Las escasas horas que pasó el Presidente de la Nación en la capital rusa alcanzaron para exhibir un ejercicio de irresponsabilidad diplomática de envergadura. Sus dichos en el Kremlin demostraron una vez más hasta qué extremo ni él como Jefe de Estado ni la conducción política de su Cancillería, reúnen los atributos mínimos de prudencia y conocimiento necesarios para el manejo de la política exterior de la Argentina.

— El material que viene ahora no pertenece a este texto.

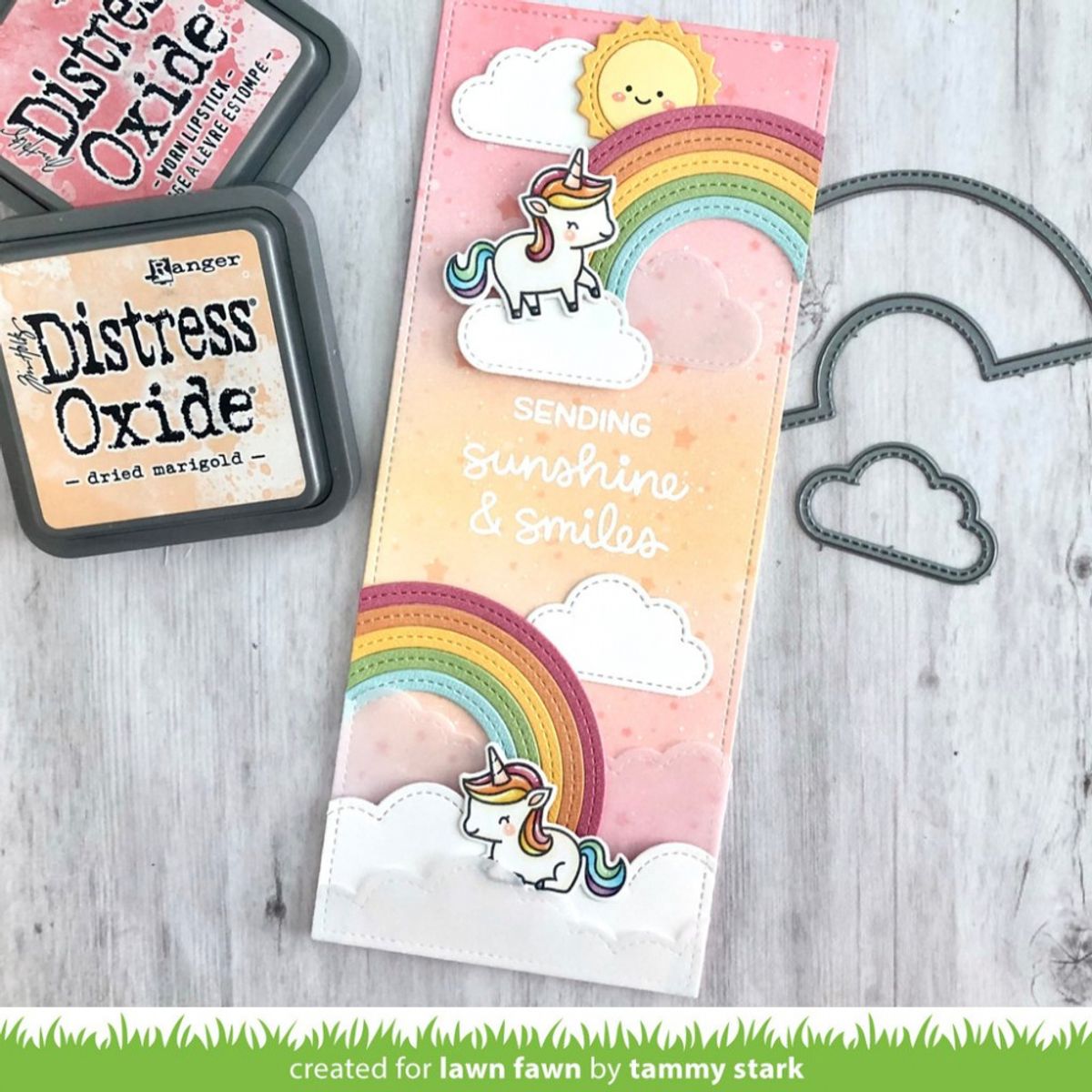 Lawn Fawn Unicorn Picnic Stamp Set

Queriendo quedar bien ante el presidente Vladimir Putin, el mandatario señaló que Argentina tiene que dejar de tener una dependencia tan grande con Estados Unidos y el FMI. Al hablar mal de Washington desde el Kremlin, el presidente argentino otorgó un favor diplomático a Moscú, en momentos en que el liderazgo ruso enfrenta cuestionamientos en buena parte de Occidente por la escalada bélica en la frontera con Ucrania.
Y como si ello fuera poco, en una suerte de revisión de la Doctrina Monroe, Alberto Fernández propuso que la Argentina pueda ser la “puerta de entrada de Moscú a América Latina” y “ver la manera para que Rusia ingrese de una manera más decidida” (en la región), una iniciativa que solamente puede provocar un daño en la relación con los Estados Unidos y los países sudamericanos.
Cuestionar a los Estados Unidos en Rusia en momentos en que ambas potencias –los dos mayores poseedores de armas nucleares del mundo– mantienen un creciente enfrentamiento por la situación en Ucrania es, como mínimo, una imprudencia. Proponer el “ingreso” de una potencia extra-continental al hemisferio occidental es una irresponsabilidad.
Pero esta breve jornada moscovita podrá quedar en los anales diplomáticos como una muestra patética de los errores en los que puede caer un mandatario por su vocación de pretender agradar a sus interlocutores, sin medir las consecuencias de sus palabras y creyendo que se puede mentir permanentemente. Olvidando los daños a la reputación y el prestigio de quienes representa.
Una actividad a la que el Presidente argentino ha entregado buena parte de su trayectoria política. Acaso permitiéndole hacer gala de una característica permanente en su personalidad: la de intentar agradar a quien tiene delante, sin importar nada las consecuencias de sus actos. Creyendo que la vida transcurre en un eterno presente, en el que se puede engañar a todos todo el tiempo sin respetar el principio de no contradicción.
Yendo por el mundo adaptándose a los diferentes medios y ante los distintos interlocutores. Una vez más, el Presidente de la Nación confundió las implicancias que el ejercicio del cargo de Jefe de Estado de una nación soberana conlleva, comprometiendo los intereses de largo plazo de la Argentina a través de declaraciones imprudentes, inconvenientes e irresponsables.